The court reinstated first-degree robbery convictions for Kelvin Williams, who was found guilty of robbing a Camden County bank, and Christopher Dekowski, who was convicted in a separate similar case in Union County.
Williams was charged in an October 2008 robbery at the Sun National Bank in Somerdale. Head teller Cheryl Duncan said Williams told her "that he had a bomb and to give him $7 million."
Duncan did not see a bomb, but testified that Williams was wearing a hooded sweatshirt and his hands and lower body were not visible. She said she thought he could be "crazy enough" to blow himself up, so she handed over $552 from her teller's draw.
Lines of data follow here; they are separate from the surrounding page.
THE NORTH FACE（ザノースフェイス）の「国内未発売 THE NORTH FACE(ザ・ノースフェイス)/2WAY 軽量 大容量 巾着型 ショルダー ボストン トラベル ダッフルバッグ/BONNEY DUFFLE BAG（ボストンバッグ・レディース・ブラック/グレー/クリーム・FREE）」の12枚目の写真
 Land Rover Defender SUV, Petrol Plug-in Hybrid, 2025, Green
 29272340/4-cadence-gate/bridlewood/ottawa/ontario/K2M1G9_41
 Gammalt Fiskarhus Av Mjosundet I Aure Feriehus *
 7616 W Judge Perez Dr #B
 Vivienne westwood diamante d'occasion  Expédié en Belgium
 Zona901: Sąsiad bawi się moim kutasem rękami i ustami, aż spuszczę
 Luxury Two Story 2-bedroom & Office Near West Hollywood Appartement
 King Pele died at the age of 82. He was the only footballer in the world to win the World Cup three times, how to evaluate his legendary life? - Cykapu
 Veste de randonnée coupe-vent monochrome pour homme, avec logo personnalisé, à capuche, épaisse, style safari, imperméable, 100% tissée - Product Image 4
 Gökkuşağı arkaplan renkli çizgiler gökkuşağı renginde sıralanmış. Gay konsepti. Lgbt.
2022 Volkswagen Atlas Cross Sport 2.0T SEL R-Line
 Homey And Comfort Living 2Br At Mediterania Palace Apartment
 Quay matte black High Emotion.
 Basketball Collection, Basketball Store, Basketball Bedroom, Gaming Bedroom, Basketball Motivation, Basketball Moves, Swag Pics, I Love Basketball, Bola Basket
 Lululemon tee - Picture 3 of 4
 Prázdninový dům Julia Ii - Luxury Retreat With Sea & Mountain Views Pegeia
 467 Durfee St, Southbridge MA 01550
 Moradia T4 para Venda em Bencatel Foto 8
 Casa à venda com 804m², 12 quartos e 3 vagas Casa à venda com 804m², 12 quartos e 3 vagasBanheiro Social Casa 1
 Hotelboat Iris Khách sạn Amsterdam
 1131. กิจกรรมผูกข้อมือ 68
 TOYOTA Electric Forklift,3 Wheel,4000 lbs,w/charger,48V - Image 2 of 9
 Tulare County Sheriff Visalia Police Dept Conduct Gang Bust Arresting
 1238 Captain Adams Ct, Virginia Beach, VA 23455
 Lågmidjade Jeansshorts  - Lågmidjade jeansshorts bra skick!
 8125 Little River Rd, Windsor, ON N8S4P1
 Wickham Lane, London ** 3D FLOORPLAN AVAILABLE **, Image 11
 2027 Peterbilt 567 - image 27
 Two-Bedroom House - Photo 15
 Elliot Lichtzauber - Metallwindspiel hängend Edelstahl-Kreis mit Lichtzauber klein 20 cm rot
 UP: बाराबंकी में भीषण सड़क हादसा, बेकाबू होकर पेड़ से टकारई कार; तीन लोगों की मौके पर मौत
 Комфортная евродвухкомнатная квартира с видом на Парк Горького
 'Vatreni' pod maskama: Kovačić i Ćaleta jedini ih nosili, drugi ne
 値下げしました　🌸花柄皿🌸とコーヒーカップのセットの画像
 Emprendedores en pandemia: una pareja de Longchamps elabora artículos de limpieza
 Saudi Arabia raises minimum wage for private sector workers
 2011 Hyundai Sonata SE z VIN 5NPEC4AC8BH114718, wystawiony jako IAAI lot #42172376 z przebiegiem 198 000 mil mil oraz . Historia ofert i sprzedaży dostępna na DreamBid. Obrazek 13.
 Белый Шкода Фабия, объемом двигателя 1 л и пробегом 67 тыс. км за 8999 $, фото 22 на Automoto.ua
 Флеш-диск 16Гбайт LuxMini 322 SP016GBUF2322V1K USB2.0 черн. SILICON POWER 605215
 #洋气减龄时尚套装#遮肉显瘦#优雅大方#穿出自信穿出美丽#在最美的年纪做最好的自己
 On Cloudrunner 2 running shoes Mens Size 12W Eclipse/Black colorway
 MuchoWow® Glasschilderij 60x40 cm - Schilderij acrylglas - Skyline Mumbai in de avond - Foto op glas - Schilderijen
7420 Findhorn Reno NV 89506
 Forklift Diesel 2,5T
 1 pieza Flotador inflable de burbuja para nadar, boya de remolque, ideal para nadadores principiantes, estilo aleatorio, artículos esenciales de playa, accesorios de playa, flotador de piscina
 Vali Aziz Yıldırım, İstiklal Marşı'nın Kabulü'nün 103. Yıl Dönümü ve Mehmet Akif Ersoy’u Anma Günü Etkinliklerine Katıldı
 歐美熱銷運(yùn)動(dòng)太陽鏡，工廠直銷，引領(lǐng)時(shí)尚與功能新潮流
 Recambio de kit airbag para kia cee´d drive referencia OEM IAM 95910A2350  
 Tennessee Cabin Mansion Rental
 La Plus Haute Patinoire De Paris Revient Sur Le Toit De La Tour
Williams was arrested a short time later. He was found guilty of first-degree robbery and sentenced to 14 years in prison. Dekowski was convicted of robbing a Roselle bank and sentenced to 13 years.
Neither defendant was armed with a bombs and defense lawyers appealed, contending there was insufficient evidence for a first-degree charge, which carries more prison time.
The appeals court agreed and overturned both convictions because neither defendant made a physical gesture indicating he was carrying a bomb.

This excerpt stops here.